## Prompt
Look through the data below and output, unchanged, every line from the one holding "Made-in-England Navy Melton" through the one holding "Black and orange", inclusive. Skip the pictures.

## Information
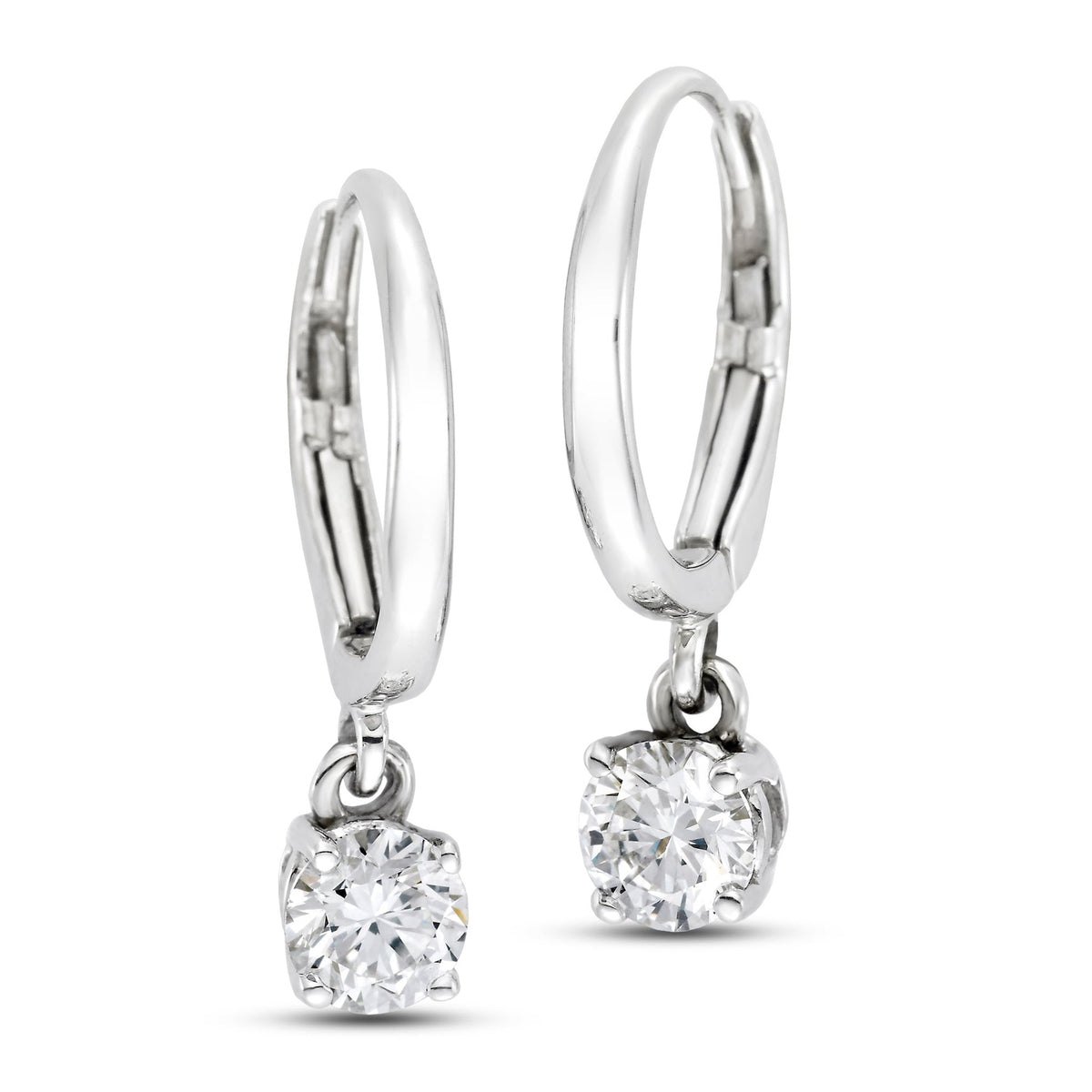 Elegant 1.0 Ctw solitaire diamond dangle earrings by ISAAC WESTMAN featuring sparkling diamonds and delicate design.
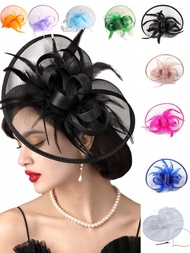 1pc Fascinators Hats For Women Tea Party Hats 1950s Kentucky Derby Hats Feather Hair Clip For Bride 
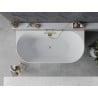 Mexen Oval Slim baignoire autoportante adossée 170 x 80 cm, blanche, trop-plein or brossé - 52661708000-55
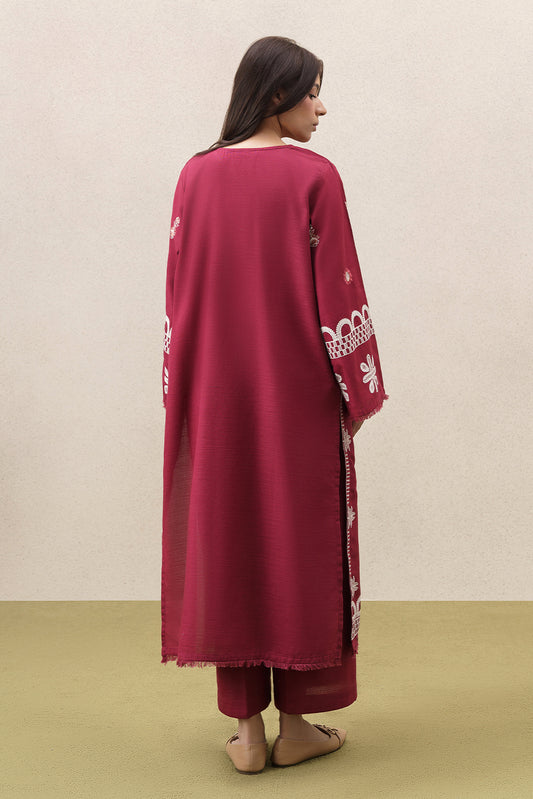 2 PIECE EMBROIDERED SLUB KHADDAR SUIT (PRET)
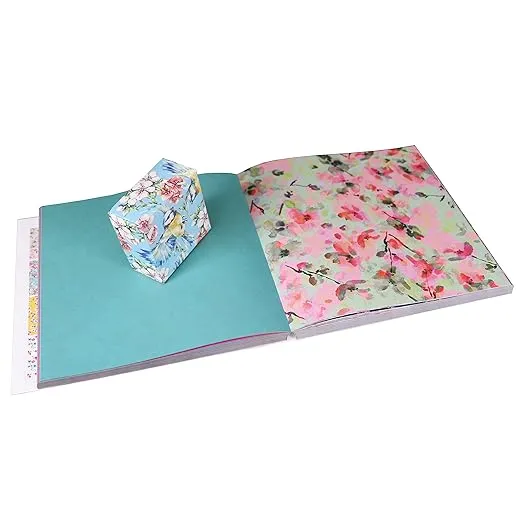 Origami Cherry Blossoms Paper Pack Book: 256 Double-Sided Folding Sheets with 16 Different Cherry Blossom Patterns with solid colors on the back (Includes Instructions for 8 Models)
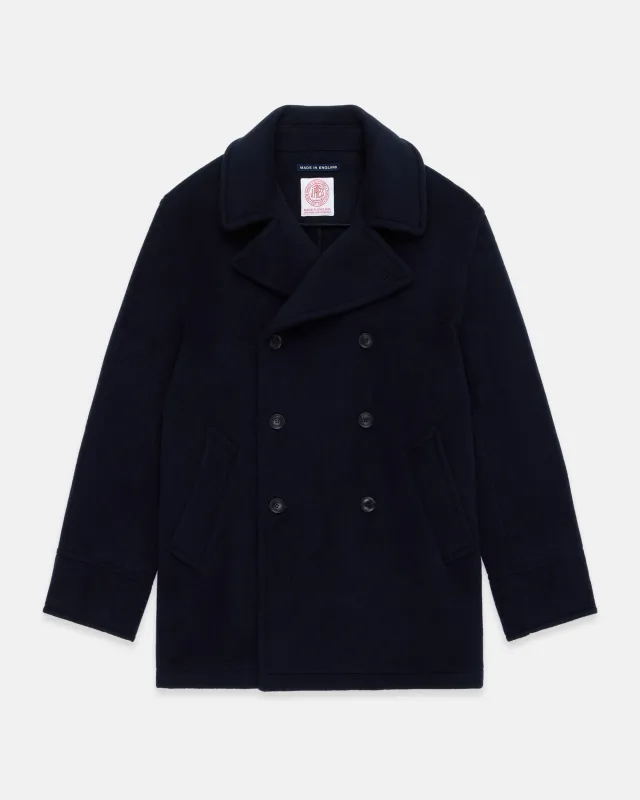 Made-in-England Navy Melton Wool Peacoat made by J. Press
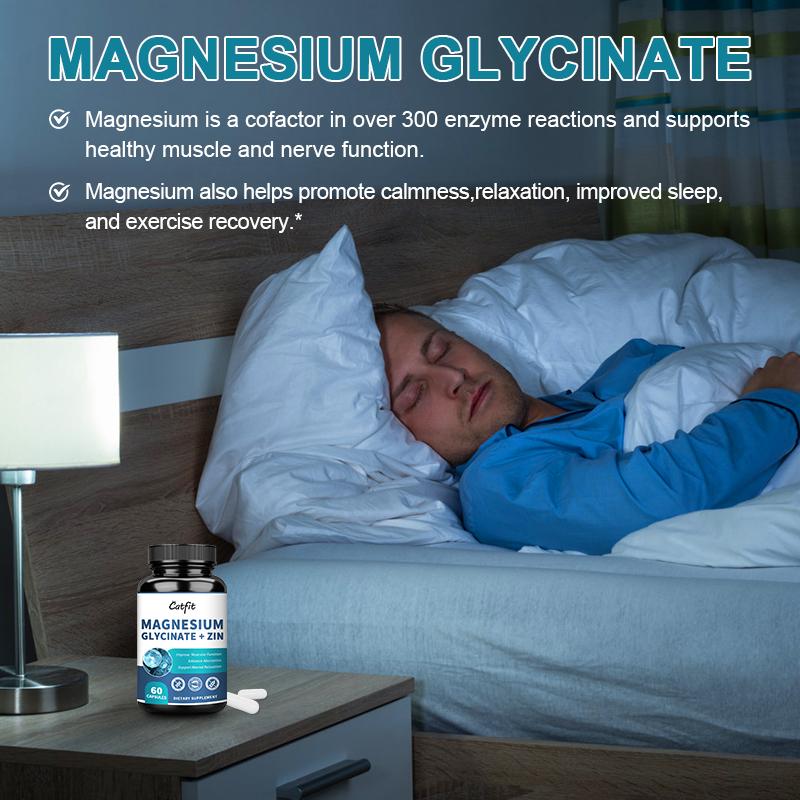 Magnesium Glycinate, Dietary Supplement, Supports Muscles, Heart, Nerves & Bones, Relieves Anxiety, Aids Sleep Functional Therapy, Easily Absorbed, Most Effective Magnesium Supplement,100% safe, non-toxic, non-GMO,60 Capsules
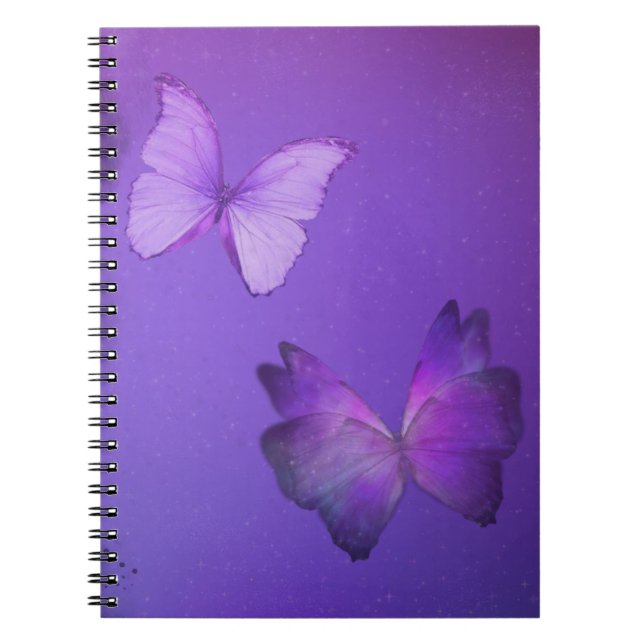 Purple Butterflies Spiral Notebook  (Front)
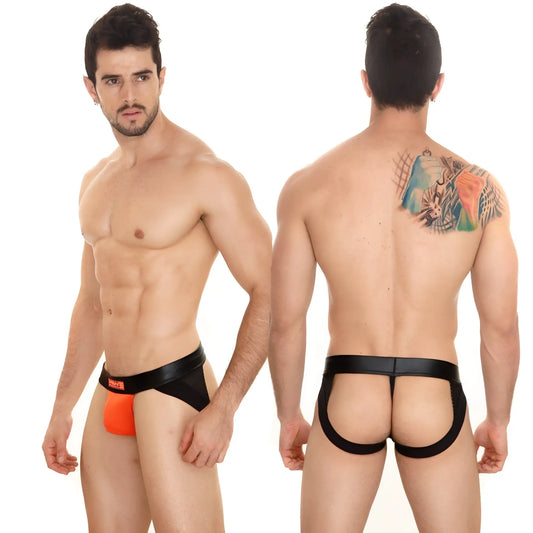 Black and orange mens thong with black elastic waistband featuring MetroMaleWear logo for stylish support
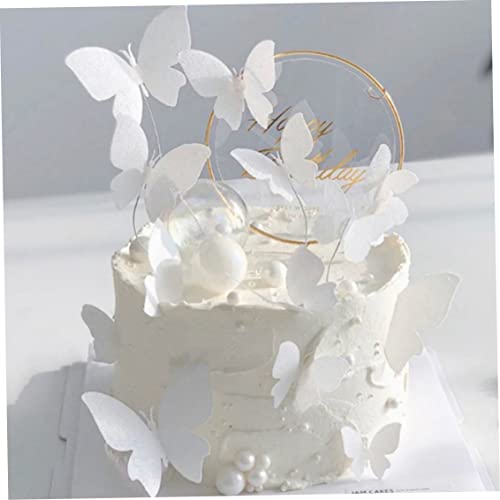 Cake Toper Butterfly Cupcake Topper 3D Schmetterlingskuchen Dekor Hollow für Geburtstagsfeier Versorgung 11pcs Weiße Dekorationen von Abibiocy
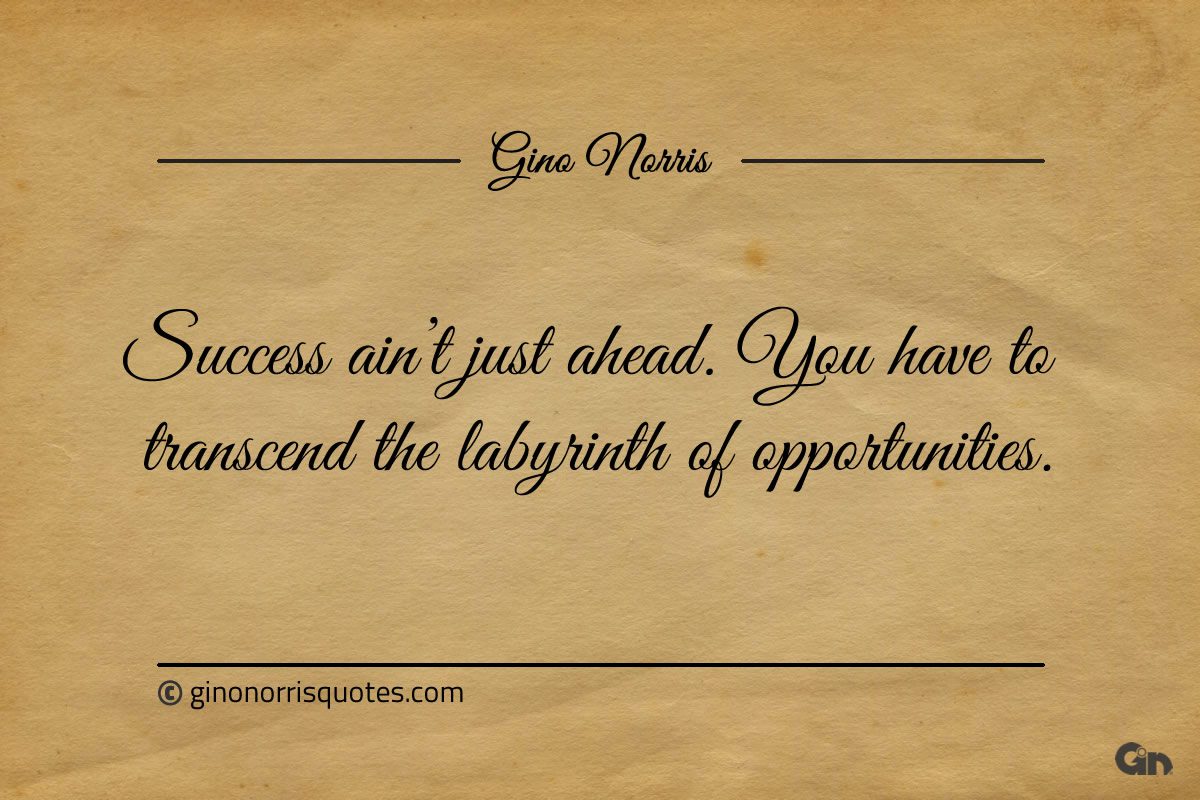 Success aint just ahead ginonorrisquotes
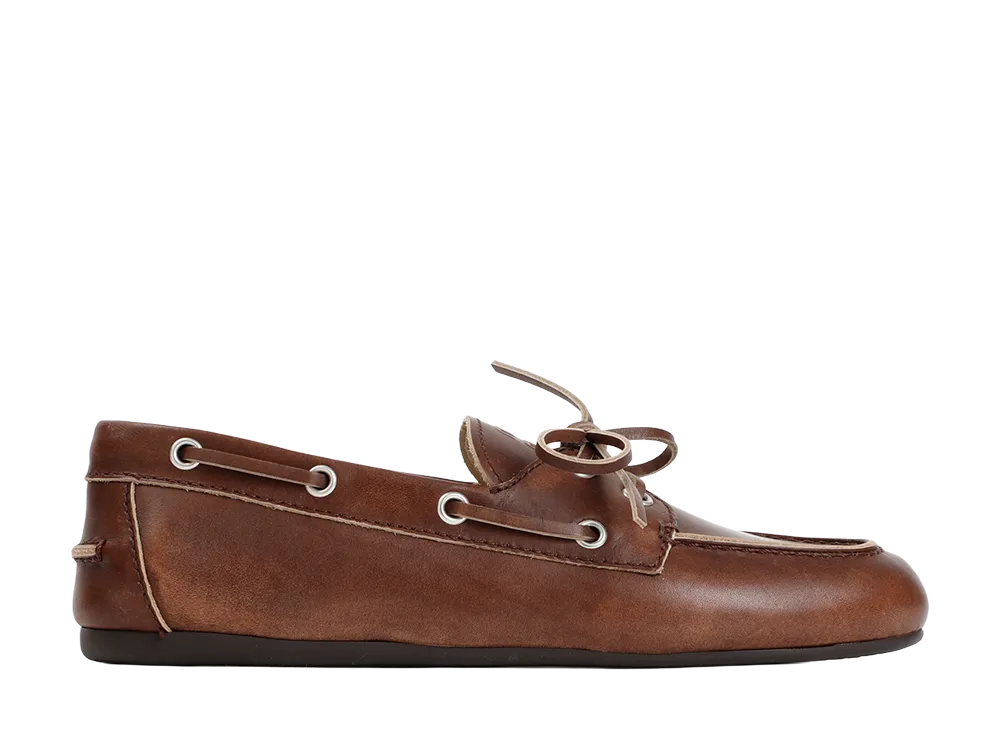 MIU MIU Women's Discolored Leather Loafers "Brown"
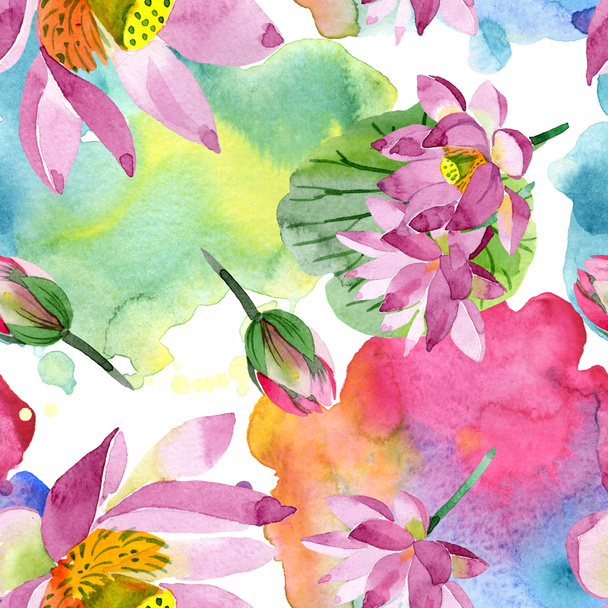 Beautiful purple lotus flowers isolated on white. Watercolor background illustration. Watercolour aquarelle. Seamless background pattern. Fabric wallpaper print texture - Foto, Bild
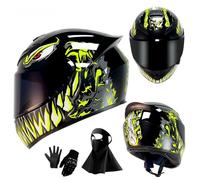 Casco Integral de Motocicleta 2025 con Visera Solar Negra para Adultos, Casco de Moto de Carreras de Calle con Guantes Y MáScara, Aprobado por El Dot(KK3,3XL(64-65cm))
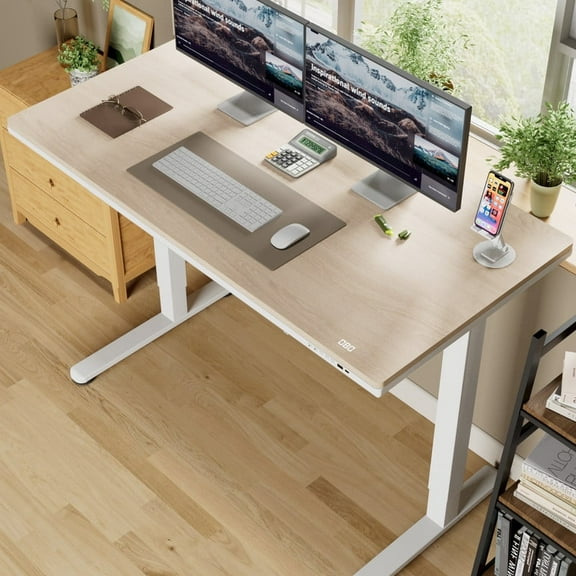 Homall 48" x 24" Wood Top Electric Standing Desk with Drawer, Height Adjustable Desk with Phone Stand & Charging Ports, Sit Stand up for Home Office,Beige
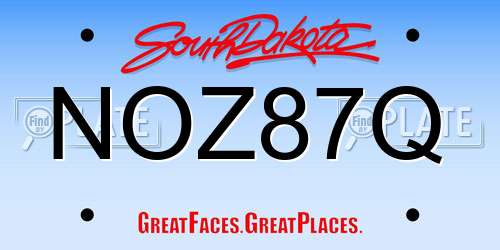NOZ87Q South Dakota License Plate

## Solution to this problem
 Made-in-England Navy Melton Wool Peacoat made by J. Press
 Magnesium Glycinate, Dietary Supplement, Supports Muscles, Heart, Nerves & Bones, Relieves Anxiety, Aids Sleep Functional Therapy, Easily Absorbed, Most Effective Magnesium Supplement,100% safe, non-toxic, non-GMO,60 Capsules
 Purple Butterflies Spiral Notebook  (Front)
 Black and orange mens thong with black elastic waistband featuring MetroMaleWear logo for stylish support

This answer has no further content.